**How to complete this task**
Transcribe, starting at the line with "To learn more, check" and ending at the line with "Good afternoon, happy", every line of the material below exactly, but leave out the pictures and anything outside that span.

**Task data**
::::
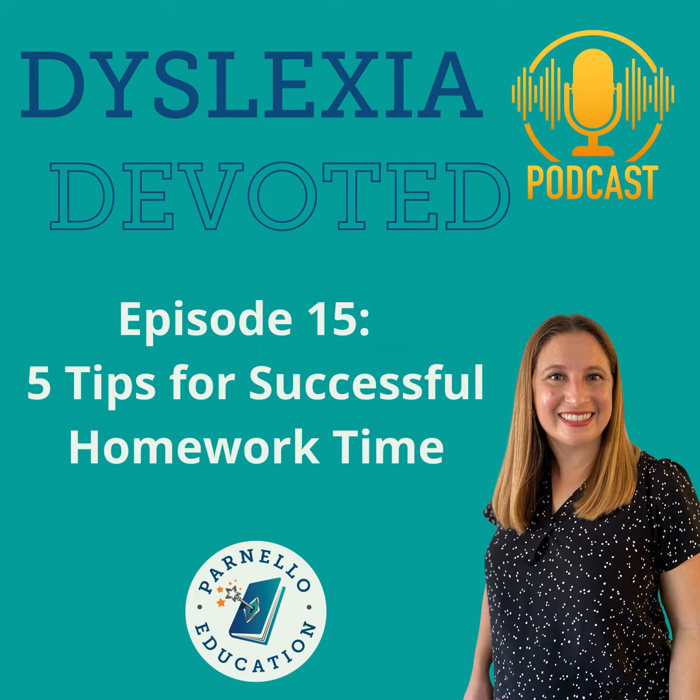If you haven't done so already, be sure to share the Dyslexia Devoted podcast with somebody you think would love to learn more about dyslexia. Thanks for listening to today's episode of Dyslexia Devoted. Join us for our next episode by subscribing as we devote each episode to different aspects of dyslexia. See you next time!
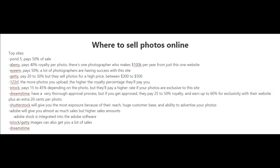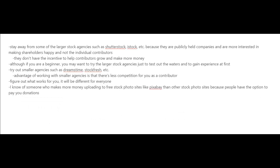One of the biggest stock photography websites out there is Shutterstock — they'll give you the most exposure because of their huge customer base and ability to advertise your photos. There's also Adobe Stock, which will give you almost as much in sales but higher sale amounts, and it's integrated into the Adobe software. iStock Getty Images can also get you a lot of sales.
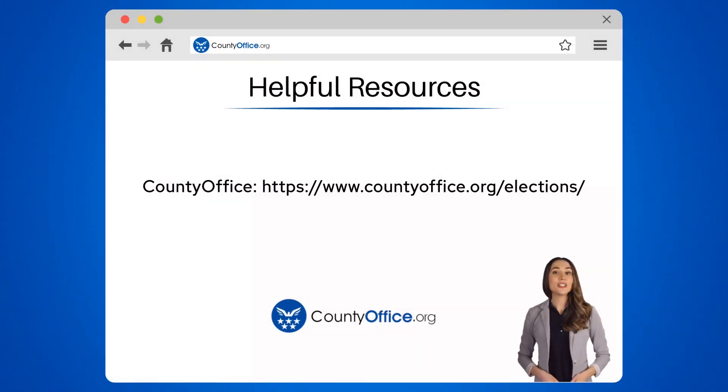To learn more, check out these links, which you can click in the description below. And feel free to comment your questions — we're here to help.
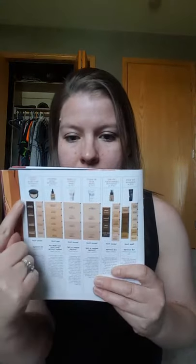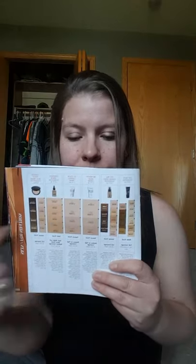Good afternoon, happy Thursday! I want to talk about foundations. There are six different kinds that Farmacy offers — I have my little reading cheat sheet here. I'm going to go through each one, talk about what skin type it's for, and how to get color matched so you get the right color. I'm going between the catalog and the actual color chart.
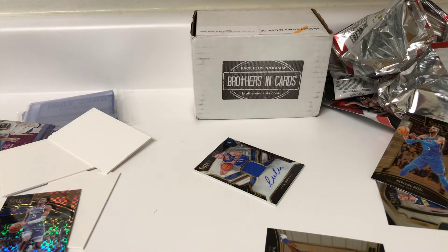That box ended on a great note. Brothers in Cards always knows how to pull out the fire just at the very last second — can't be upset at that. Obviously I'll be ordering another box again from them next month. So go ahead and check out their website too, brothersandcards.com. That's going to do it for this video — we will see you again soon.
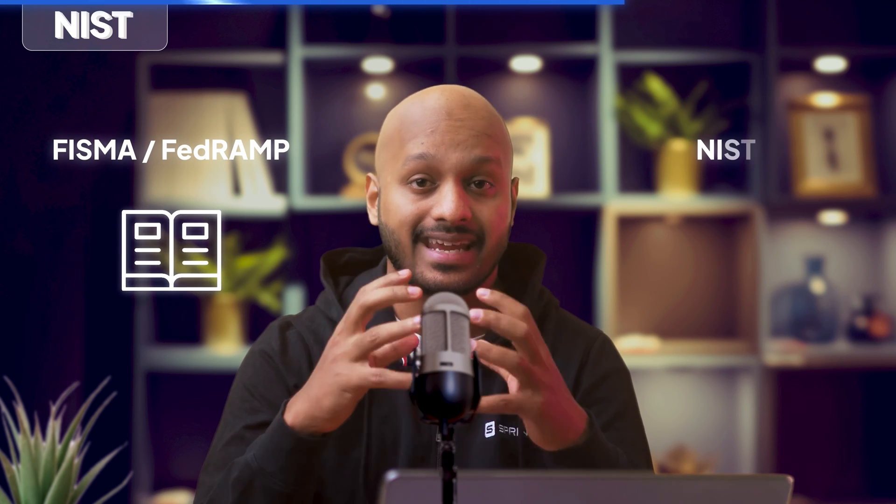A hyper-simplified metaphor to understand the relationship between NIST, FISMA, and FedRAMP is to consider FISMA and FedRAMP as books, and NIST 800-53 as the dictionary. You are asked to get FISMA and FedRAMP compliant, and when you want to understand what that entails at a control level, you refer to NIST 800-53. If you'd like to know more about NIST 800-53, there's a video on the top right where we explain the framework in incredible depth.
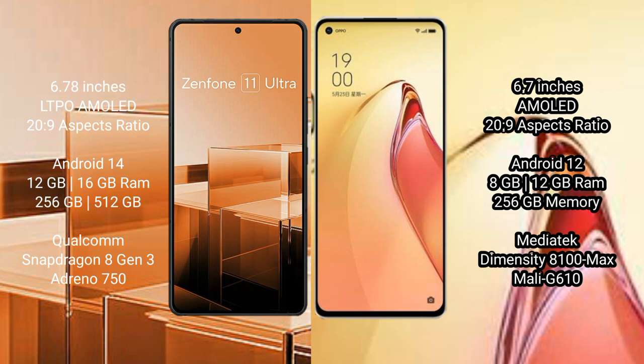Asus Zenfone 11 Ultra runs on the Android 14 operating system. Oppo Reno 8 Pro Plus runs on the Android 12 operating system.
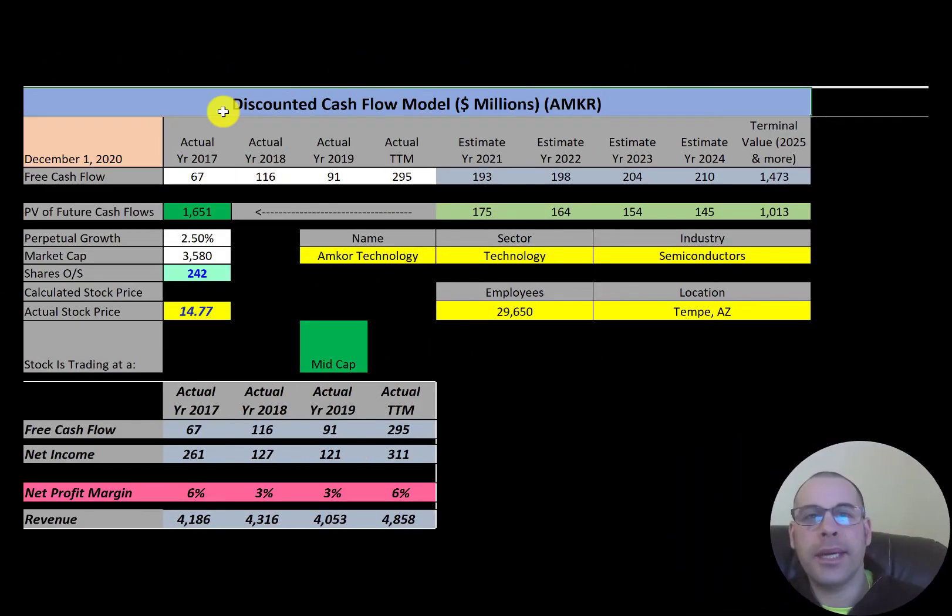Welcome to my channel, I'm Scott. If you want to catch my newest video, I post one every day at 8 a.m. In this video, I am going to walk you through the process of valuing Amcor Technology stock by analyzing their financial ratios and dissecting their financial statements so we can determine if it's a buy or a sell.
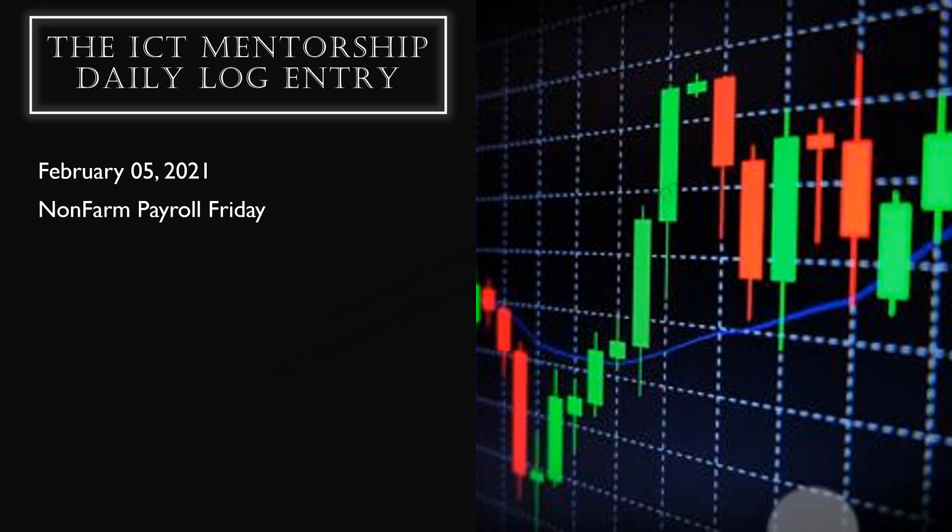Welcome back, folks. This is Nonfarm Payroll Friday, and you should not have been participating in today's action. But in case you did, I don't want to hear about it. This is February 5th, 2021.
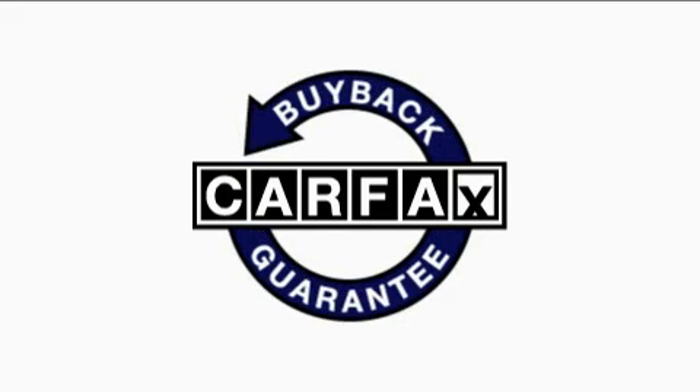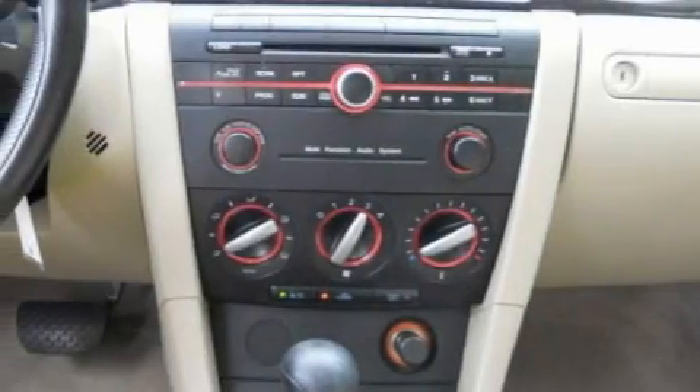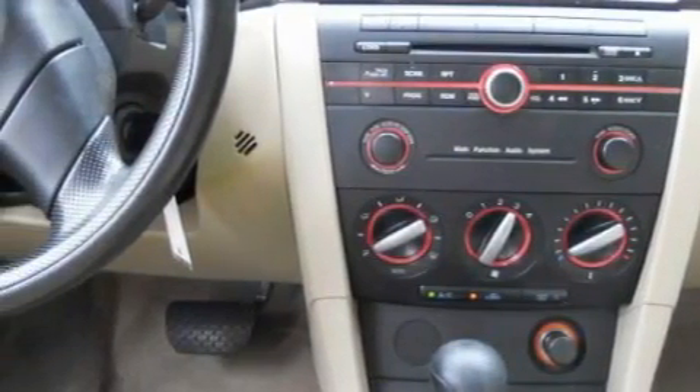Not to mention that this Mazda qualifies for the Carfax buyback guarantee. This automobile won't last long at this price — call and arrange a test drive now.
::::
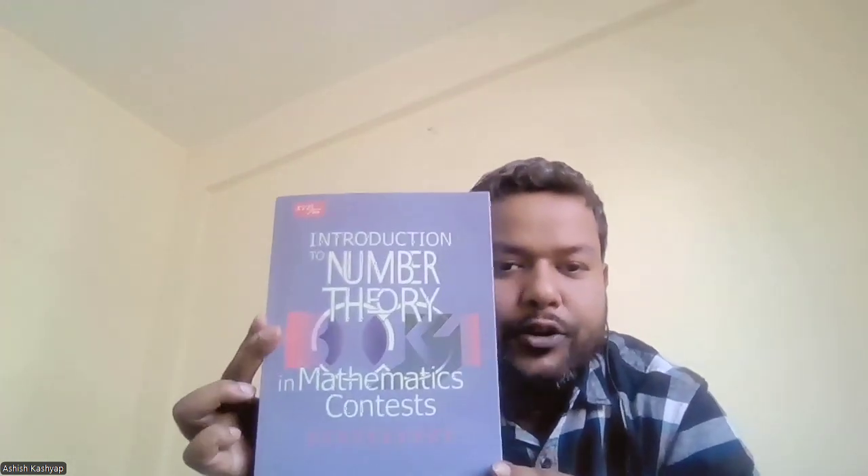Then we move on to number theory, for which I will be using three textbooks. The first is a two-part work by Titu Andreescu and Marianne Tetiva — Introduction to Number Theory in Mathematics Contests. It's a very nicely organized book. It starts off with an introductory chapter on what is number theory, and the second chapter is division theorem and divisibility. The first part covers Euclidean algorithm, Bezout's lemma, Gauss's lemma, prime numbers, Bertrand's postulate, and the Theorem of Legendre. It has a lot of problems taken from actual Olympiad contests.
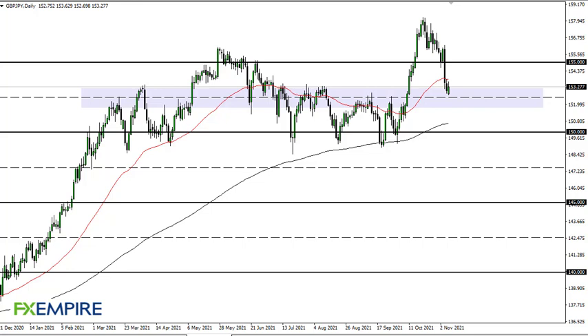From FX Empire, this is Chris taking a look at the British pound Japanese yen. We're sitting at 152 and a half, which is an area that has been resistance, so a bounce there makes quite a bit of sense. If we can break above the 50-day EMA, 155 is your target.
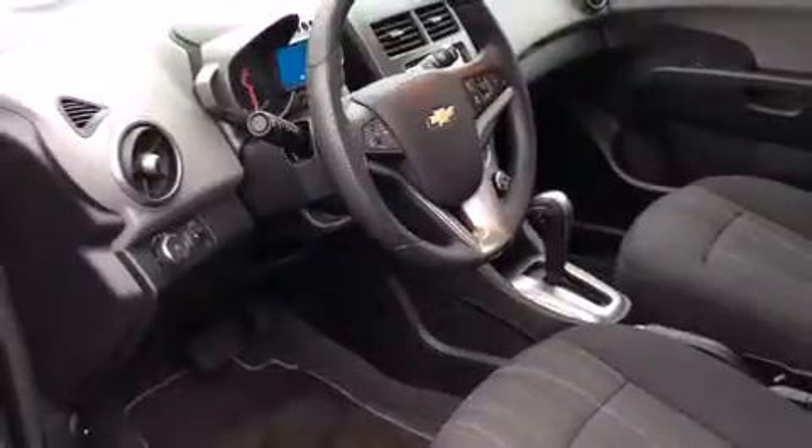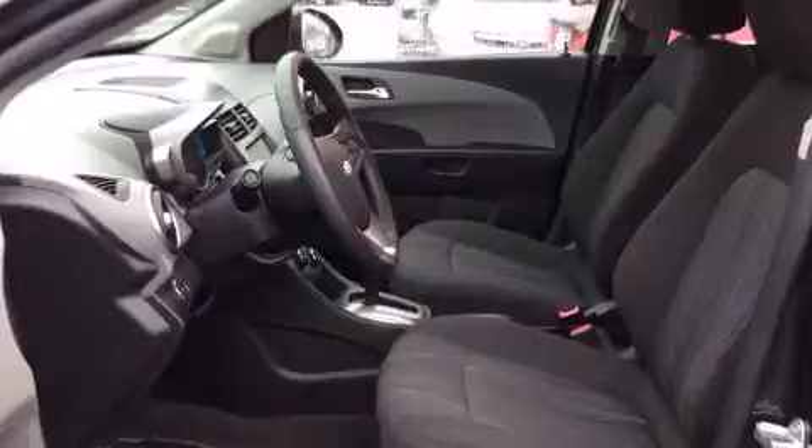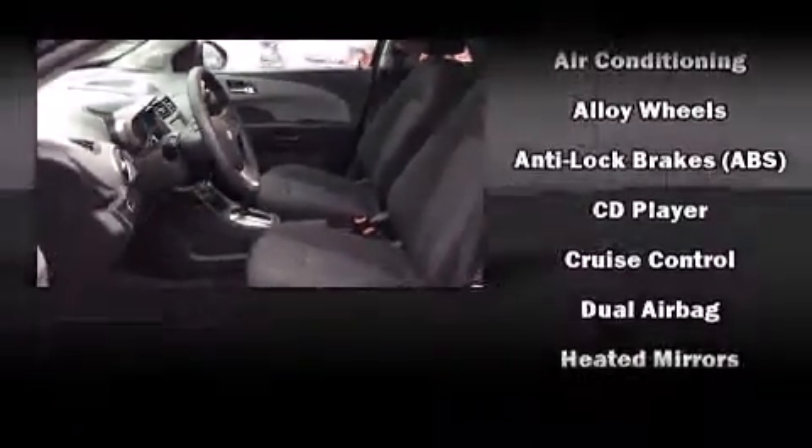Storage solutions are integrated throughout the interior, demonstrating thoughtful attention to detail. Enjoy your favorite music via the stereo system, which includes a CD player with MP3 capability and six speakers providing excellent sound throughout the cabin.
::::
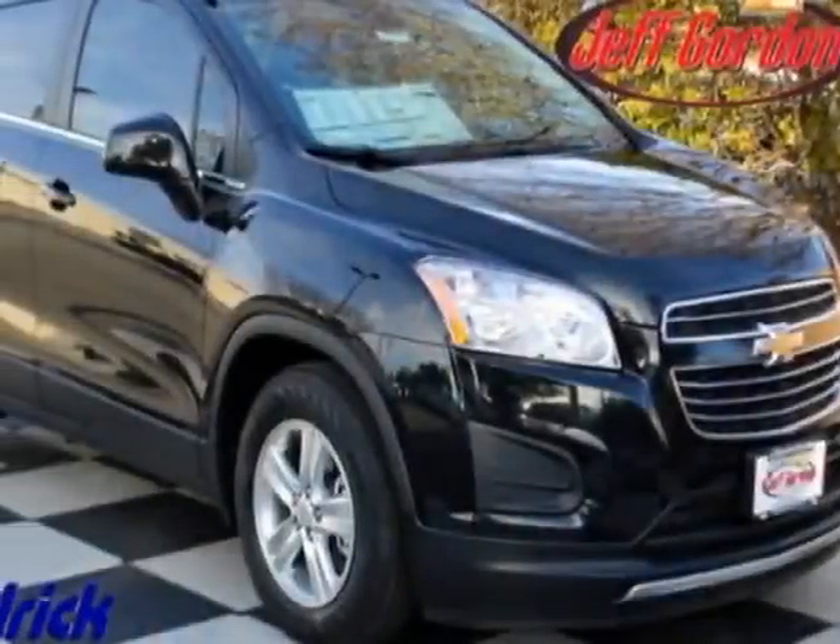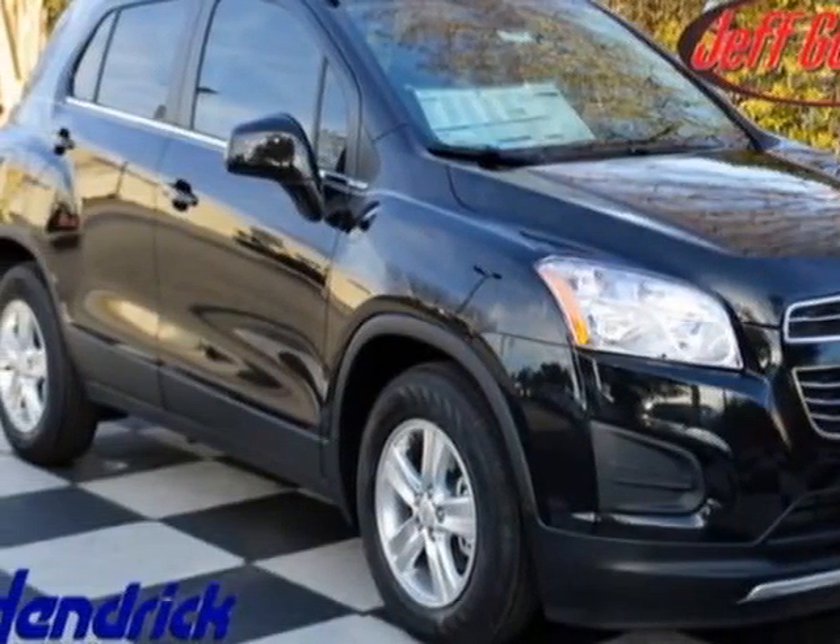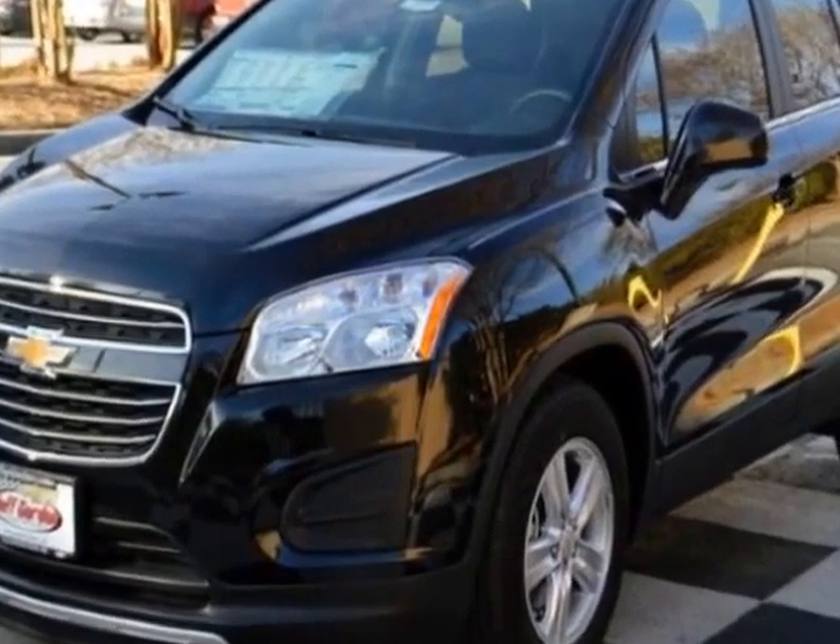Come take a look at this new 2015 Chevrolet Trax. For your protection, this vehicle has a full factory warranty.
::::
**Answer box**
To learn more, check out these links, which you can click in the description below. And feel free to comment your questions — we're here to help.
Good afternoon, happy Thursday! I want to talk about foundations. There are six different kinds that Farmacy offers — I have my little reading cheat sheet here. I'm going to go through each one, talk about what skin type it's for, and how to get color matched so you get the right color. I'm going between the catalog and the actual color chart.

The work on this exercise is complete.